Clemens Schmale hat seinen persönlichen Handelsstil seit den 1990er Jahren an der Börse entwickelt.

Dieser gründet auf zwei Säulen: ein anderer Analyseansatz und andere Basiswerte. Mit anders ist vor allem die Kombination aus Global Makro, fundamentaler Analyse und Chartanalyse sowie Zukunftstrends gemeint. Während Fundamentaldaten und Makrotrends bestimmen, was konkret gehandelt wird, verlässt sich Schmale beim Timing auf die Chartanalyse. Er handelt alle Anlageklassen, wobei er sich größtenteils auf Werte konzentriert, die nicht „Mainstream“ sind.
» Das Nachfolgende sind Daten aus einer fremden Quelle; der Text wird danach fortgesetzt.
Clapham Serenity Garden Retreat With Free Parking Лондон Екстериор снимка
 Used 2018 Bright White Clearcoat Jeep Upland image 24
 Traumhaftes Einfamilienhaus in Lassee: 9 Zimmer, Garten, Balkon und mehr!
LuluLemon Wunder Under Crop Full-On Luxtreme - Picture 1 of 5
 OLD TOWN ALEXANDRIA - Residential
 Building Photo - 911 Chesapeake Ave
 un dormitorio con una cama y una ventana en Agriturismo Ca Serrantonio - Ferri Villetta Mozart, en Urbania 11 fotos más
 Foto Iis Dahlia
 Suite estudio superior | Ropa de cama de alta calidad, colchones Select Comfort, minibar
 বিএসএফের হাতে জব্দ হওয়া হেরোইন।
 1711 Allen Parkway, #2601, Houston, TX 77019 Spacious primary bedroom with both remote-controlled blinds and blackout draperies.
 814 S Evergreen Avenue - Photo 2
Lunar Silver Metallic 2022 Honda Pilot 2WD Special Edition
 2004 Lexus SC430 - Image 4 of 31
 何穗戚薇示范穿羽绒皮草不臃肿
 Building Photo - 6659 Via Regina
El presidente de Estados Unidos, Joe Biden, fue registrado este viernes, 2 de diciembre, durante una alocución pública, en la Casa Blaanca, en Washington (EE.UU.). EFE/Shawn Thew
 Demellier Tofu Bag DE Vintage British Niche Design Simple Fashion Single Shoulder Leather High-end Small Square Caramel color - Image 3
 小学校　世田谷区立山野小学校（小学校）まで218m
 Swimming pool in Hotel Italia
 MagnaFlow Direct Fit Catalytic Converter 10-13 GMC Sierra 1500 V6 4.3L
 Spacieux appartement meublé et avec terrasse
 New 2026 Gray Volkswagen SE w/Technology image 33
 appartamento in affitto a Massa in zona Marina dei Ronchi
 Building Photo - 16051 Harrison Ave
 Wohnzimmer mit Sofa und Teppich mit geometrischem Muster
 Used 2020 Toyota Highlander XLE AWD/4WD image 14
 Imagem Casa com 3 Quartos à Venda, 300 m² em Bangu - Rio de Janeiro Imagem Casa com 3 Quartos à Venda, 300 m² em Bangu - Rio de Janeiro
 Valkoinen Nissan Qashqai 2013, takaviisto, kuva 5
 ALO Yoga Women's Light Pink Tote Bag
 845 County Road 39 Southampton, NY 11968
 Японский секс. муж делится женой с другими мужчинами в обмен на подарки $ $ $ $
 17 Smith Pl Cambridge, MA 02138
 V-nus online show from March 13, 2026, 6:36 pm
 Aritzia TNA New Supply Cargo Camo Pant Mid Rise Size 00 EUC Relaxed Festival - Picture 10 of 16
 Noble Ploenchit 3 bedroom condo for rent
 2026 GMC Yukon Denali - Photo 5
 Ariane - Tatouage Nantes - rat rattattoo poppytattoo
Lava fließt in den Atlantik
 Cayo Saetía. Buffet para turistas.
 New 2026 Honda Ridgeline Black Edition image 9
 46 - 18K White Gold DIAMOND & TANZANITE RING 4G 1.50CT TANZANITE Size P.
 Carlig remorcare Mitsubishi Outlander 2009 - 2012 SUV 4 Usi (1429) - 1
Diese Märkte sind weniger effizient als andere und ermöglichen so hohes Renditepotenzial. Sie sind damit allerdings auch spekulativer als hochliquide Märkte. Die Haltedauer einzelner Positionen variiert nach Anlageklasse, beträgt jedoch meist mehrere Tage, oft auch Wochen oder Monate.

Rohstoffe, Währungen und Volatilität handelt er aktiv, in Aktien und Anleihen investiert er eher langfristig. Die Basiswerte werden direkt – auch über Futures – oder über CFDs gehandelt, in Ausnahmefällen über Optionen und Zertifikate.